Problem to work on – In the records below, find the line containing "Lemon-Throated Barbet-Georges-Louis Buffon-Framed" and print it and every line after it exactly, through the end. Skip pictures.
- Opening Delimiter -
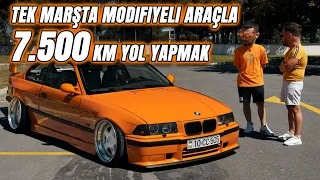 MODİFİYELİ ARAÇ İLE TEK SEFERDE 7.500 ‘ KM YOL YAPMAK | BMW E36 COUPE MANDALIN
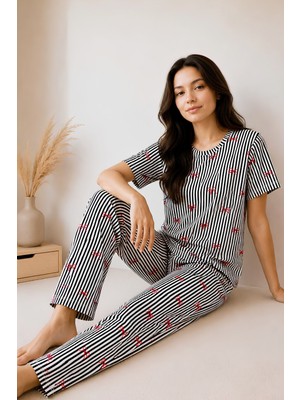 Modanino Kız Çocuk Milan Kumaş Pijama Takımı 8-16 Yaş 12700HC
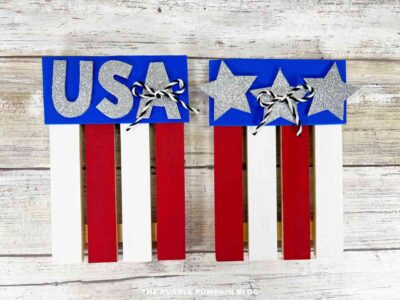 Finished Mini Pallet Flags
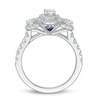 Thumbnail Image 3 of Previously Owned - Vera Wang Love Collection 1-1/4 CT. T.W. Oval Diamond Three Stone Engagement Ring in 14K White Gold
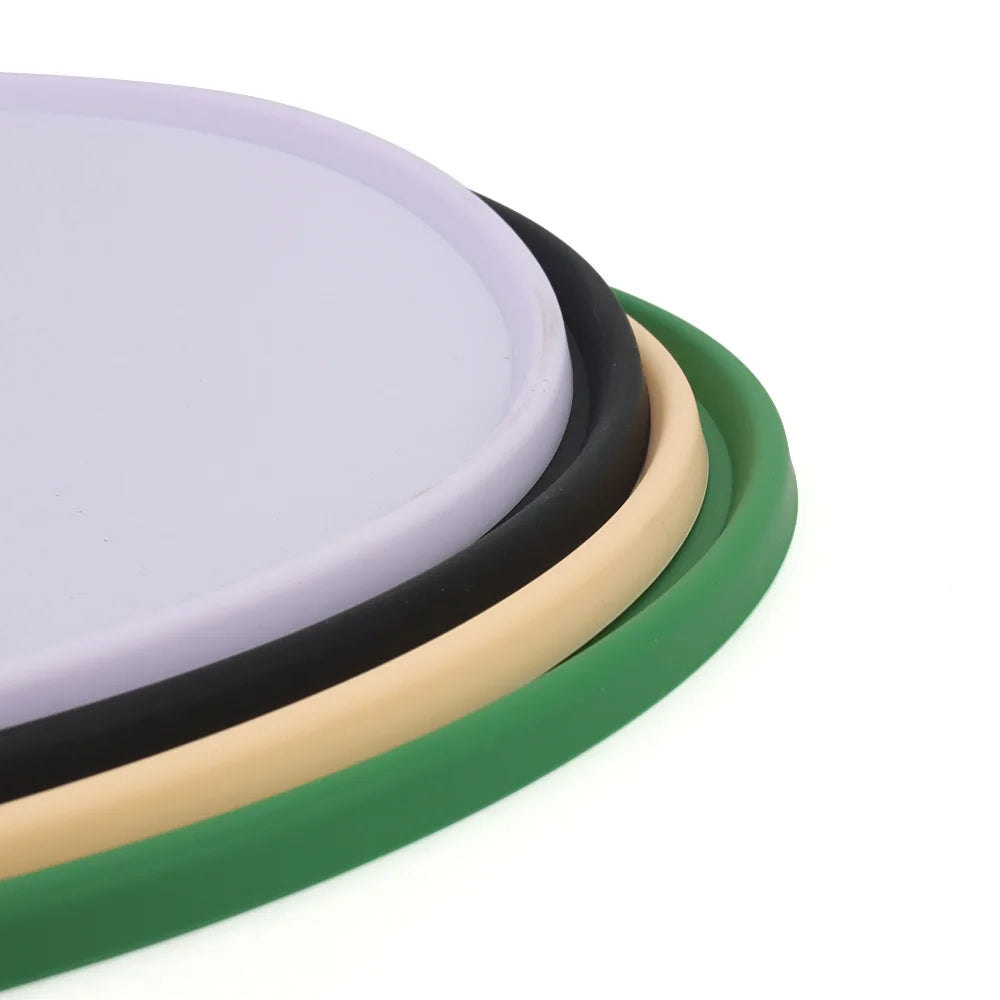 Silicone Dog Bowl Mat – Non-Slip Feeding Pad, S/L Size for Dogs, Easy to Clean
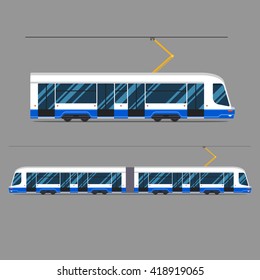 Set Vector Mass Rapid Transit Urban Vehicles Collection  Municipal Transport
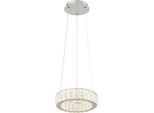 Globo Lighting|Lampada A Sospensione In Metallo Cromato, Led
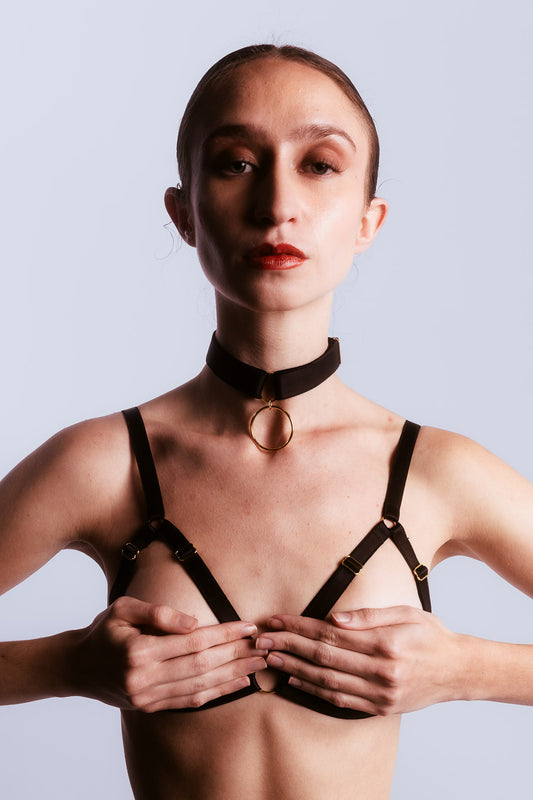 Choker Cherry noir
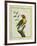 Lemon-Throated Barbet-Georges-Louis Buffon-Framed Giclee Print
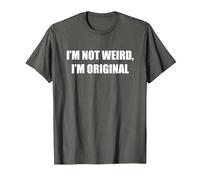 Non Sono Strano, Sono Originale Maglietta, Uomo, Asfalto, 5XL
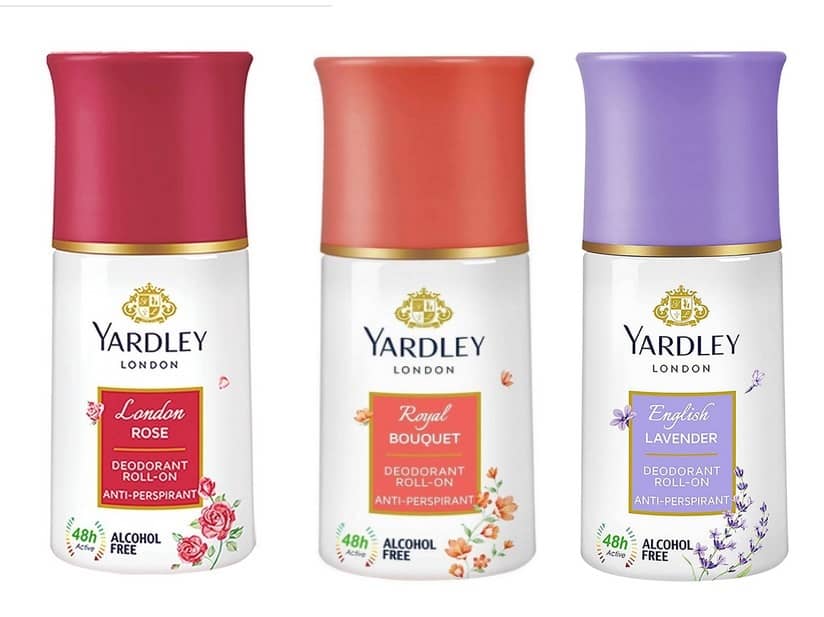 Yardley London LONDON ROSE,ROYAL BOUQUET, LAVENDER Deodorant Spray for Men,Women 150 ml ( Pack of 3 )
- Closing Delimiter -
Finished task –
 Lemon-Throated Barbet-Georges-Louis Buffon-Framed Giclee Print
 Non Sono Strano, Sono Originale Maglietta, Uomo, Asfalto, 5XL
 Yardley London LONDON ROSE,ROYAL BOUQUET, LAVENDER Deodorant Spray for Men,Women 150 ml ( Pack of 3 )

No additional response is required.